There’s not many authors I would trust to write speculative fiction inspired – even driven – by Brexit, but Paul Cornell has repeatedly given us nuance and compassion in his Lychford novellas. Here, we join a strung-out Autumn who is feeling more isolated than ever – as the only person of colour in Lychford, she can’t help but take it personally. Given some of the comments made in her hearing, so she bloody well should.

And she’s pretty sure she knows how Judith voted.

The relationship between witch and apprentice has always been fractious; this could be the thing that rips them apart. In the wake of a heated argument, Autumn heads out for a night down the pub. It’s not that she’s spoiling for a fight, but she chooses the pub most likely to give her one – and finds Lychford’s most unpleasant, deeply racist old man Rory Holt ready to take her on. It could be just another night after Brexit, but by morning Mr Holt is missing and Autumn (and her epic hangover) is taken to the police station for questioning.

Long Day has garnered a number of unkind remarks from readers who presumably feel reading a book with a Remainer protagonist is too close to criticising Brexit (yeah, whatever). For my money, Long Day skirts passing judgement on Brexit politically – it’s much more interested in the social frictions the vote inflicts on (or reveals in) a certain small rural town in England.

Yes, it portrays Rory Holt as a frothing Daily Fail acolyte who voted Brexit because he’s a raging jingoistic racist, but it doesn’t conflate all Brexiteers with Rory Holt. It also strongly suggests that Judith voted Brexit (although Judith being Judith she may have voted Remain and simply be refusing to discuss her democratic choices, thank you very much – a position I have a great deal of sympathy for, much to the frustration of the polling people). In the end, it’s deeply critical of Rory Holt and racism, and it’s sympathetic to the principle of embracing outsiders, and apparently these days that’s apolitical statement in its own right.

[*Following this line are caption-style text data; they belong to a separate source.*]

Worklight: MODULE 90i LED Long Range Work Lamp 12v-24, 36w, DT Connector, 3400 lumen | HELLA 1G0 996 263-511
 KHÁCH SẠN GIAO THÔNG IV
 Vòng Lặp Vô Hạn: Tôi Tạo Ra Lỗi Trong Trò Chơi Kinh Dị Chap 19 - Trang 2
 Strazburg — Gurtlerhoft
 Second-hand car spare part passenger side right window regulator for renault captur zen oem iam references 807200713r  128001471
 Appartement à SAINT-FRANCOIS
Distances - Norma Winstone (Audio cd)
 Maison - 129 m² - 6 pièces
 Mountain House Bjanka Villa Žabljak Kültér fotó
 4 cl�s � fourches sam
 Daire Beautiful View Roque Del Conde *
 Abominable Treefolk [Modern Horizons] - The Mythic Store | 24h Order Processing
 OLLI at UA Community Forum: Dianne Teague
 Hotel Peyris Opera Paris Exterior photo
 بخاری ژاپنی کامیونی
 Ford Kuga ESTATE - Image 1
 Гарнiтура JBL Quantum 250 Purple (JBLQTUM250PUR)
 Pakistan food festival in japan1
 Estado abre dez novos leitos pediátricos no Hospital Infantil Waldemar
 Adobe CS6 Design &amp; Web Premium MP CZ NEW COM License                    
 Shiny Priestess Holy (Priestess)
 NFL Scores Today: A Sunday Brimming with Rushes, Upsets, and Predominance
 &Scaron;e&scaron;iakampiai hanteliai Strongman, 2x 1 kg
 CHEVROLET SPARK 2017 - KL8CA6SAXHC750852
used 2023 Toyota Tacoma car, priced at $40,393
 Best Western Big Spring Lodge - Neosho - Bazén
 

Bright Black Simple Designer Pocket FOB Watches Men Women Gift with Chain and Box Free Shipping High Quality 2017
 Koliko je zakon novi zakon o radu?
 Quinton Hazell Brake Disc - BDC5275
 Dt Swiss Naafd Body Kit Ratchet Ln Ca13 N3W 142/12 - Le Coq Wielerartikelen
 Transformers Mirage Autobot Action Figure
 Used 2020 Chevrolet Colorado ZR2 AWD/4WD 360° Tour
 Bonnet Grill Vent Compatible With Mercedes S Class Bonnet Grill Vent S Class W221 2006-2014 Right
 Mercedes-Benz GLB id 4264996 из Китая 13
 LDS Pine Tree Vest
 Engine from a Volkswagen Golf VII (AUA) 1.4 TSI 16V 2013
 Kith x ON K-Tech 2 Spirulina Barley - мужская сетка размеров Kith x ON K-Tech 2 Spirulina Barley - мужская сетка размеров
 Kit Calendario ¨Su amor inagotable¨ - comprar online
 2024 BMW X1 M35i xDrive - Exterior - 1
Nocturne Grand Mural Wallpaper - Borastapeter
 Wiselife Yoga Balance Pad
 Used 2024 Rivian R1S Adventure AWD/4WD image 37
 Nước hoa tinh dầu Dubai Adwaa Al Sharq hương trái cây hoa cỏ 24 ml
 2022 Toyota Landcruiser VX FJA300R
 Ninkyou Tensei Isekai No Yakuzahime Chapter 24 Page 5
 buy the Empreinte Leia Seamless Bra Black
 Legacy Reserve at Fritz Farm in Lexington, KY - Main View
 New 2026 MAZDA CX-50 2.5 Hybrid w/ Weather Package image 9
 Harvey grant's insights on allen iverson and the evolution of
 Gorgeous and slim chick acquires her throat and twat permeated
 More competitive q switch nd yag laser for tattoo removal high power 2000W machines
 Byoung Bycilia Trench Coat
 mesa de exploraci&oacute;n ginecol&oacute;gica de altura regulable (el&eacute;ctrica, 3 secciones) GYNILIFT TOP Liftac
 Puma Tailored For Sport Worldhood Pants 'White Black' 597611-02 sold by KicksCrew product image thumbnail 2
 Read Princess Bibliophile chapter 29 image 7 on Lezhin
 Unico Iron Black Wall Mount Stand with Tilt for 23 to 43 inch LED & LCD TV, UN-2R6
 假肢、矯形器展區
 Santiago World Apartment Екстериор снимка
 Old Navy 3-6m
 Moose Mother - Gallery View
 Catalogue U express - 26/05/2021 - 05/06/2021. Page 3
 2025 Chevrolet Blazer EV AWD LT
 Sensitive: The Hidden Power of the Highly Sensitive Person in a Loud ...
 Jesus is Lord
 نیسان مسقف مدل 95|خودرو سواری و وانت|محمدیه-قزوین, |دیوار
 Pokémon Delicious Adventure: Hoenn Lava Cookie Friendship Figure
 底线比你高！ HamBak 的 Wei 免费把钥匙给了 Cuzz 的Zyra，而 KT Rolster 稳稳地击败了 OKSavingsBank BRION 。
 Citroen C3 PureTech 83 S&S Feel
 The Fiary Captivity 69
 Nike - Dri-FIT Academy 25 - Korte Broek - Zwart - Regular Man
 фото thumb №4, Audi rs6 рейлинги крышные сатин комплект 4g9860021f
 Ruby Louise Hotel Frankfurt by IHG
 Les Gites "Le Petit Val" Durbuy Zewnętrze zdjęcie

It also gives us the passionate and heart-breaking point of view of a slightly paranoid and deeply angry black witch, whose political sympathies and rage won’t stop her from trying to rescue everybody (including both the raging racist and a terrified Polish truck driver) and who – having accidentally obliterated the borders – finds herself fighting to re-establish them before Something Awful tries to take advantage.

Reflecting the question of Brexit in the unexpected mirror of the mystical borders of Lychford gives Cornell the chance to look at micro-aggressions and unconscious prejudice alongside the easier dismissal of the Rory Holts of the world. Is Autumn right to see racism everywhere? It doesn’t matter: it’s not about intention, but about implications and perception. Her inner conflict about being someone who believes strongly in open borders – but who will nonetheless fight to keep one closed – was poignant to say the least.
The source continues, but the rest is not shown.